What is being asked: For this exercise, copy the data exactly and omit any images.
======== Recorded information
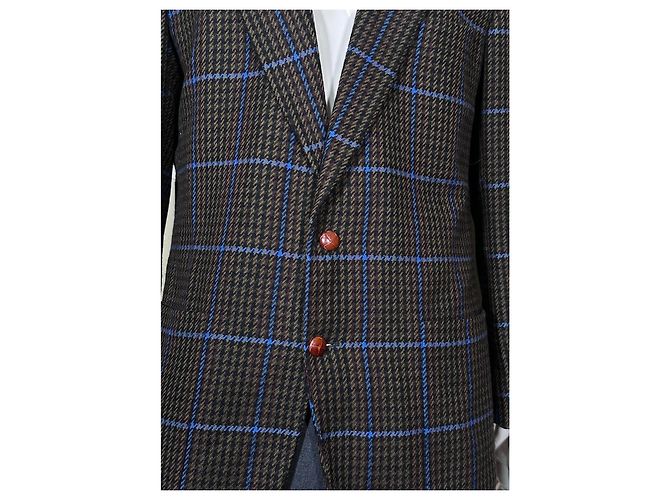 Bogner Herren-Karo-Blazer Braun Blau - Ansicht 2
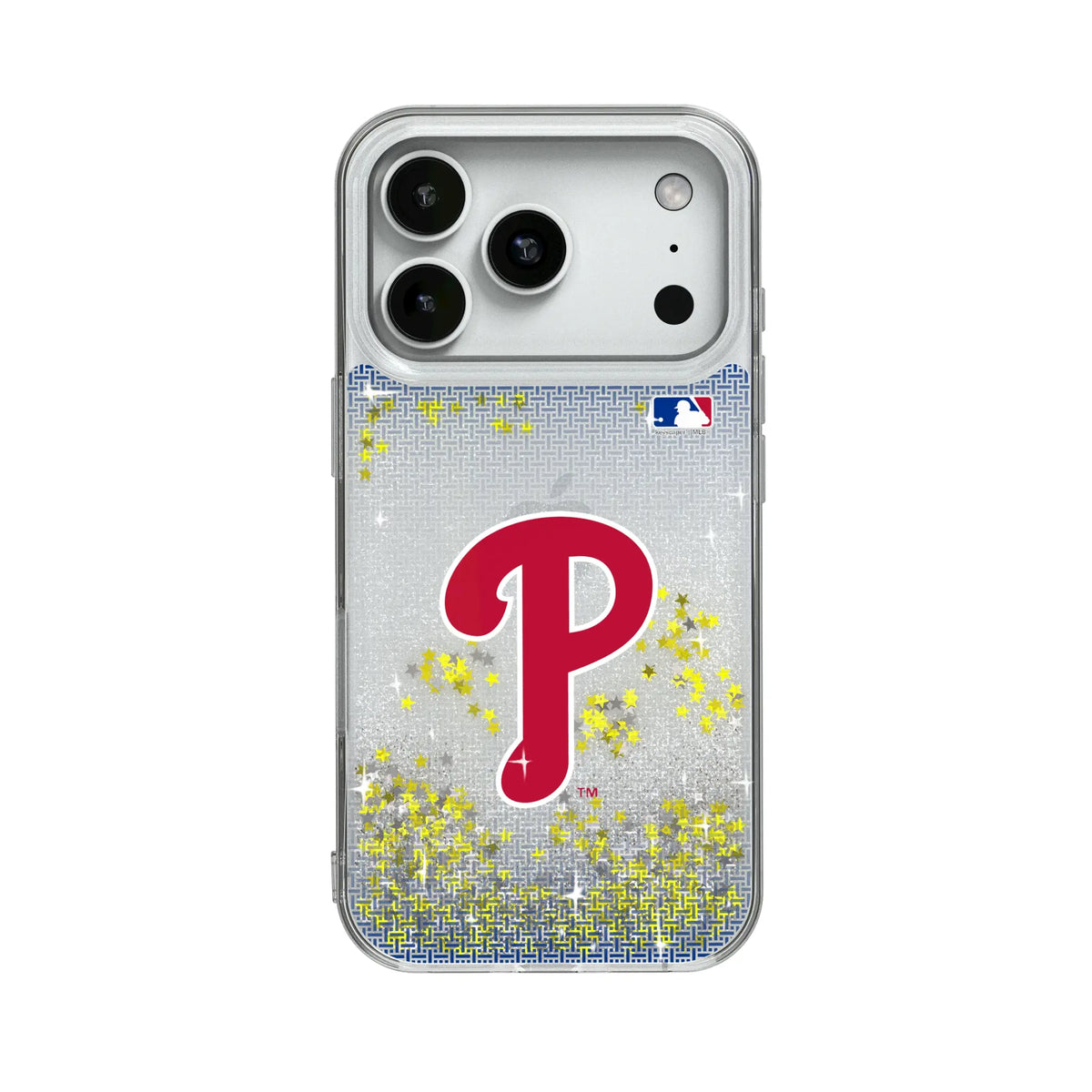 Philadelphia Phillies Linen Glitter Phone Case for Apple iPhone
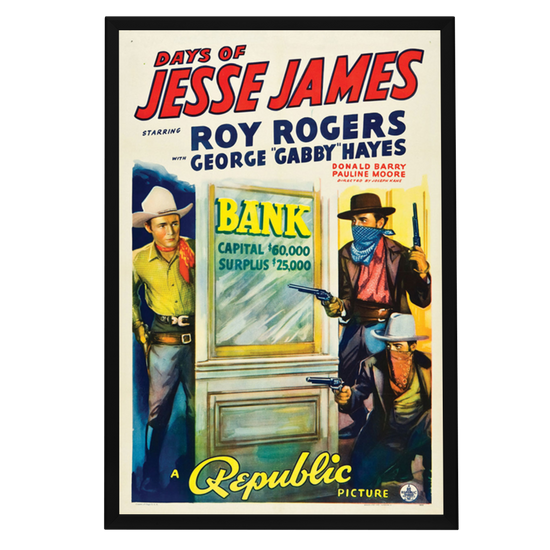 "Days Of Jesse James" (1939) Framed Movie Poster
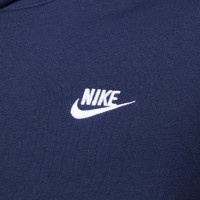 Nike Sportswear Club Fleece Hoodie Dark Blue White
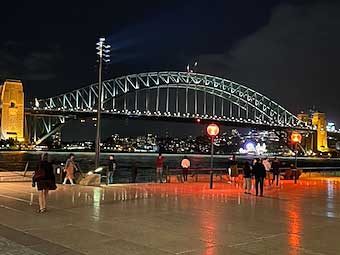 Sydney Harbour Bridge at night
================
Result of the exercise:
 Bogner Herren-Karo-Blazer Braun Blau - Ansicht 2
 Philadelphia Phillies Linen Glitter Phone Case for Apple iPhone
 "Days Of Jesse James" (1939) Framed Movie Poster
 Nike Sportswear Club Fleece Hoodie Dark Blue White
 Sydney Harbour Bridge at night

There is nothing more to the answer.